Smita Khanna And Hemant Purohit On Being Design Experimentalists
The duo talks about their journey in architecture and interiors and lets us in on what makes them run like clockwork
Bending the rules, even breaking them, is the architecture and interiors firm Note D (Nature of the Experiment Design) in action. The result could be a disaster or a masterpiece of design. Tomoe villa is the latter. A contemporary interpretation of the traditional Indian courtyard house, its ingenious solutions to the problems of context and climate have placed its creators — Smita Khanna and Hemant Purohit, co-founders of Note D — firmly in the media spotlight. Feted by design journals, the award-winning duo is justifiably proud of this luxury dwelling in Alibaug, which has also found its way to Living Under The Sun — a book on tropical architecture and interiors published by Gestalten.
A vision in white and blue, Khanna ushers me into the long cabin occupied by her and Purohit — who also sports a white shirt.
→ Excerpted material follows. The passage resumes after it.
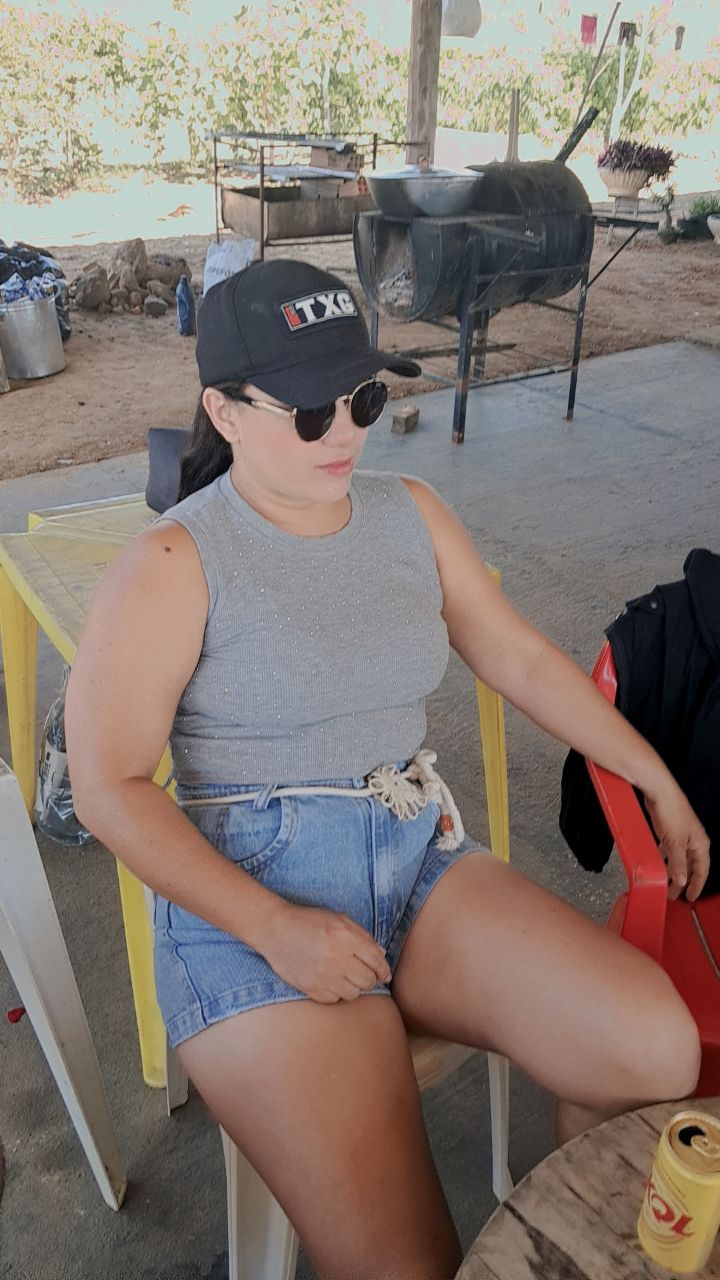 @Frantiesca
White seems to be a shared preference, as one can see in the models of their built and ongoing projects displayed all over the office and in their cabin too. It is a colour that brilliantly shows off the blue of the sky and the green of the landscaping around the compelling architectural form of Tomoe villa. The pool’s location takes advantage of the site’s wind direction to naturally cool the house, while the central plaza dissolves the boundaries between indoor and outdoor spaces — its spiral geometry providing a range of shaded spaces. Large windows welcome the daylight as well as external views of refreshing greenery.
Seated in their new office space at Kala Ghoda in Mumbai, which is larger than their earlier one at Colaba (“though still cluttered,” laughs Khanna) — thanks to the slew of projects that has seen the firm grow in size and scale of work – I find out more about their oeuvre.Apart from residences, each unique including one built to house a dog trainer with his company of canines, there is a school in Bengaluru managed by a charitable trust committed to superior education that brings a glint to their eyes when they show me the prototypes. Watching them look towards each other for affirmation or to complete their sentences while responding to my curious queries, I can guess why this partnership works — but I wonder what brought them together.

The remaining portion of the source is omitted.